I have a file with many theorems each taking a lot of time to type check. To learn which part is slow, I tried to enable profiler by adding these lines at the top of the file:

set_option trace.profiler.output "~/Regex/correctness/epsilon_closure_lemmas.json"
set_option trace.profiler.threshold 0
set_option trace.profiler.useHeartbeats true
set_option trace.profiler true
-- set_option maxHeartbeats 1000000

However, when I enabled trace.profiler, Lean started to conplain that the heartbeat is exhausted. And if I increase the heartbeat, it just ran forever. What's the best way to optimize the type checking time in this case? Any ideas are appreciated!

Sebastian Ullrich (Jan 15 2025 at 15:23):

threshold 0 likely creates way too much data for a nontrivial proof

pandaman (Jan 16 2025 at 14:19):

Thank you. I put the following to lakefile.toml, and lake build completed within a reasonable time with threshold set to 5000.

[[lean_lib]]
name = "RegexCorrectness"
moreLeanArgs = [
    "-Dtrace.profiler.output=./profile-5000.json",
    "-Dtrace.profiler.useHeartbeats=true",
    "-Dtrace.profiler.threshold=5000",
    "-Dtrace.profiler=true",
    "-DmaxHeartbeats=0"
]

However, the emitted profile file contains no info (link). Maybe the top-level file has overwritten the generated profiling data... Do you have any guidance on running the profiler for the whole package?

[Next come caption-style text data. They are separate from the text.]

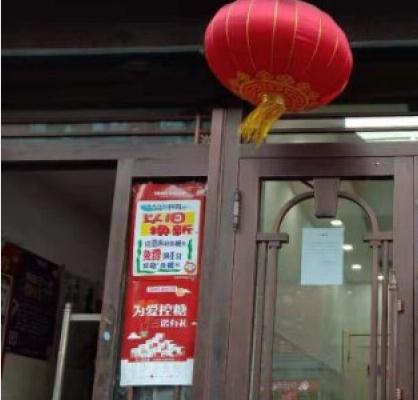 哈尔滨惠康老年公寓_哈尔滨养老院,哈尔滨养老院多少钱一个月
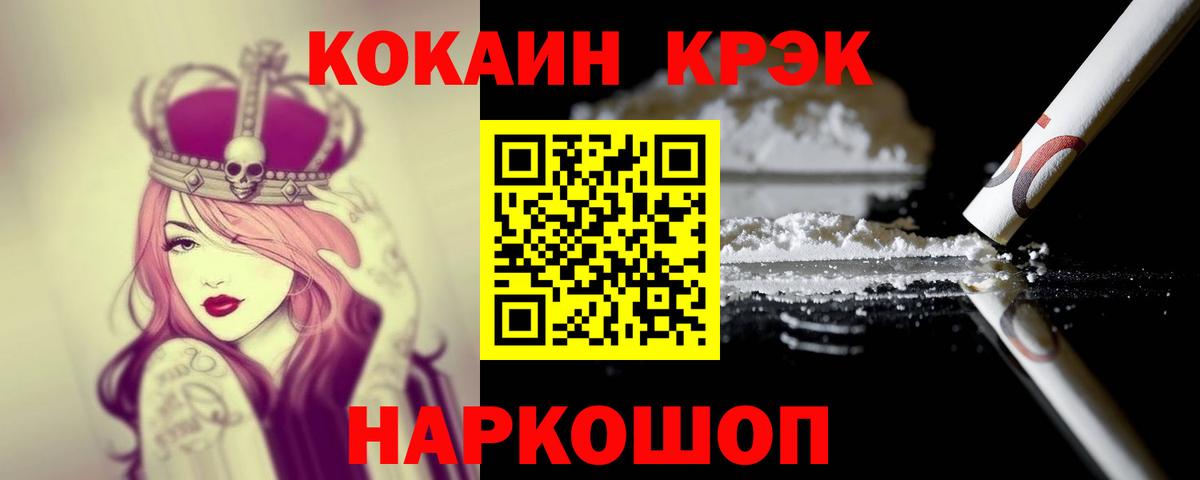 Cocaine  Cocaine Fish Scale  COCAIN Перу  магазин продажи   Боровичи  Вход с VPN 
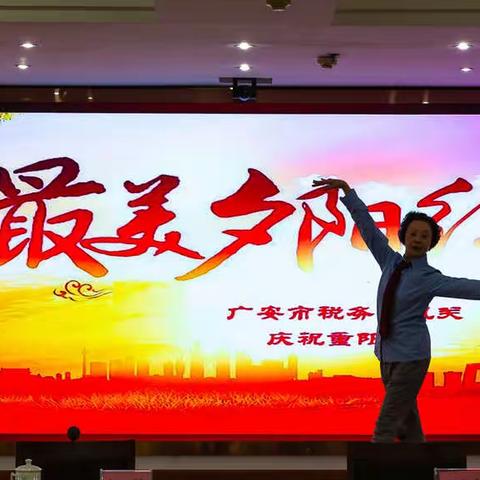 最美不过夕阳红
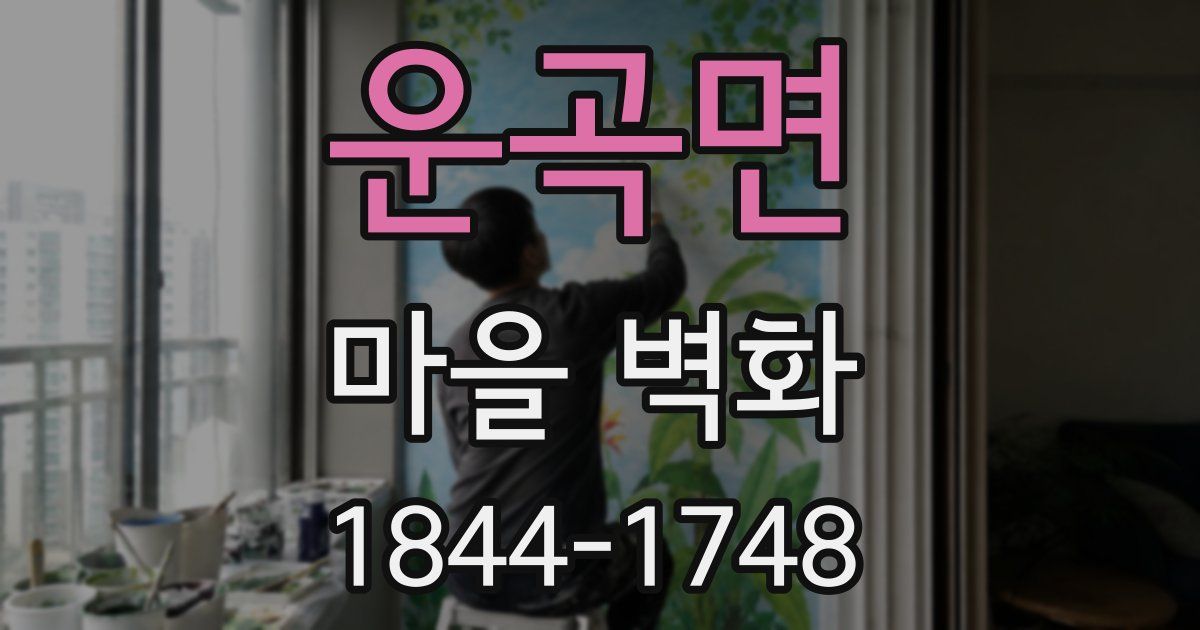 운곡면 마을 벽화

Sebastian Ullrich (Jan 17 2025 at 07:29):

Instead of adding the arguments to the lakefile, after compiling the project once, you can call lake lean on each file in turn and specify a file-specific output path. There is a script in the lean4 repo for combining profile files but it loses some information so it may not be that helpful to you.

pandaman (Jan 18 2025 at 08:47):

Thank you for the suggestion! I managed to get a trace by adding trace.profiler true to one of the slowest theorem. Unfortunately, it displays that Elab.command: Lean.Parser.Command.theorem takes 84% of the time, but it's not captured in any of its sub-traces. Since the theorem uses functional induction principle, I'll look at how it's implemented and maybe I can learn something to make it faster (and less memory-hungry).

Here is the trace: https://share.firefox.dev/4fYy9dH

Eric Wieser (Jan 18 2025 at 10:28):

What threshold did you use?

Eric Wieser (Jan 18 2025 at 10:29):

The 5000 from your message above is 5s, which seems very coarse. You'll do much better with 50 or even 5.

pandaman (Jan 18 2025 at 11:07):

When I used threshold=5000, I also set trace.profiler.useHeartbeats=true, so I guess it's 5000 steps?

The issue is that Lean takes significantly more time as I decrease the threshold. For example, Lean didn't complete checking proofs after >1h when I used threshold=1000 for this file. (With threshold=5000, it took around a few minutes)
The pasted trace was taken by enabling profiler only for a single theorem.

Sebastian Ullrich (Jan 18 2025 at 14:21):

Does not using heartbeats change anything about the coverage of the profile?

pandaman (Jan 19 2025 at 01:58):

I was able to get more traces with a time-based 5ms threshold. Since the slowness comes from the declaration of εClosure'.induct' and its usage, let me report them together here. (the trace in the previous message was from the declaration only)

Declaration of `εClosure'.induct'`

I took a file-level trace and I got https://share.firefox.dev/4hiWOKW

Command

$ lake build && time lake env lean -Dtrace.profiler.output='./epsilon_closure_basic_threshold_5.json' -Dtrace.profiler.threshold=5 -Dtrace.profiler=true RegexCorrectness/VM/EpsilonClosure/Basic.lean
Build completed successfully.

real    0m15.507s
user    0m14.922s
sys     0m0.760s

The 60% of the processing time is still spent on unattributed Elab.command: Lean.Parser.Command.theorem stack, so there is no change in the coverage.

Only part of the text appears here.